EXERCISE PROMPT> Would you retype every record below exactly as written?

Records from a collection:
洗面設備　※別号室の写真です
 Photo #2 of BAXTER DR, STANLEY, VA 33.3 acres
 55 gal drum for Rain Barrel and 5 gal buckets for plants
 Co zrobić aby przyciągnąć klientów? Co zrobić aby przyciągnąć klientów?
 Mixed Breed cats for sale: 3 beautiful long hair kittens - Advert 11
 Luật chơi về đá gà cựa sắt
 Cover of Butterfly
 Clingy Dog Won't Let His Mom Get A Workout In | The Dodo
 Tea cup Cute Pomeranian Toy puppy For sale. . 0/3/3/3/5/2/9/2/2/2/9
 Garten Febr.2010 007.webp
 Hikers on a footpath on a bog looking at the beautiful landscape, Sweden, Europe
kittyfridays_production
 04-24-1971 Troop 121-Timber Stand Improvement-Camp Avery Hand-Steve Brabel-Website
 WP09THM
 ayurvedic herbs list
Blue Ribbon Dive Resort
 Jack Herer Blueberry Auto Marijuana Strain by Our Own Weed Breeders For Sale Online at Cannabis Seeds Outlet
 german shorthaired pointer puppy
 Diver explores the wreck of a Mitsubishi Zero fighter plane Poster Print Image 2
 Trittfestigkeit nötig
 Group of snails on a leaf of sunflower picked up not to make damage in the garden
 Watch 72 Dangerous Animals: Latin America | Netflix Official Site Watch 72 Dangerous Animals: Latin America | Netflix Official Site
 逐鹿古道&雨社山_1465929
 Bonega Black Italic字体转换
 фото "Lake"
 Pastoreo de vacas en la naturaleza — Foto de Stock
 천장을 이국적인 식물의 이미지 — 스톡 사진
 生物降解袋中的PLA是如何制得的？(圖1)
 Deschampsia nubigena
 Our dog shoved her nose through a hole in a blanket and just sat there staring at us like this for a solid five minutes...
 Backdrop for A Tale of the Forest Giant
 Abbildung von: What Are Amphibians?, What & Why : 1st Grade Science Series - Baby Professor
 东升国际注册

SOLUTION FOR THIS TASK>
洗面設備　※別号室の写真です
 Photo #2 of BAXTER DR, STANLEY, VA 33.3 acres
 55 gal drum for Rain Barrel and 5 gal buckets for plants
 Co zrobić aby przyciągnąć klientów? Co zrobić aby przyciągnąć klientów?
 Mixed Breed cats for sale: 3 beautiful long hair kittens - Advert 11
 Luật chơi về đá gà cựa sắt
 Cover of Butterfly
 Clingy Dog Won't Let His Mom Get A Workout In | The Dodo
 Tea cup Cute Pomeranian Toy puppy For sale. . 0/3/3/3/5/2/9/2/2/2/9
 Garten Febr.2010 007.webp
 Hikers on a footpath on a bog looking at the beautiful landscape, Sweden, Europe
kittyfridays_production
 04-24-1971 Troop 121-Timber Stand Improvement-Camp Avery Hand-Steve Brabel-Website
 WP09THM
 ayurvedic herbs list
Blue Ribbon Dive Resort
 Jack Herer Blueberry Auto Marijuana Strain by Our Own Weed Breeders For Sale Online at Cannabis Seeds Outlet
 german shorthaired pointer puppy
 Diver explores the wreck of a Mitsubishi Zero fighter plane Poster Print Image 2
 Trittfestigkeit nötig
 Group of snails on a leaf of sunflower picked up not to make damage in the garden
 Watch 72 Dangerous Animals: Latin America | Netflix Official Site Watch 72 Dangerous Animals: Latin America | Netflix Official Site
 逐鹿古道&雨社山_1465929
 Bonega Black Italic字体转换
 фото "Lake"
 Pastoreo de vacas en la naturaleza — Foto de Stock
 천장을 이국적인 식물의 이미지 — 스톡 사진
 生物降解袋中的PLA是如何制得的？(圖1)
 Deschampsia nubigena
 Our dog shoved her nose through a hole in a blanket and just sat there staring at us like this for a solid five minutes...
 Backdrop for A Tale of the Forest Giant
 Abbildung von: What Are Amphibians?, What & Why : 1st Grade Science Series - Baby Professor
 东升国际注册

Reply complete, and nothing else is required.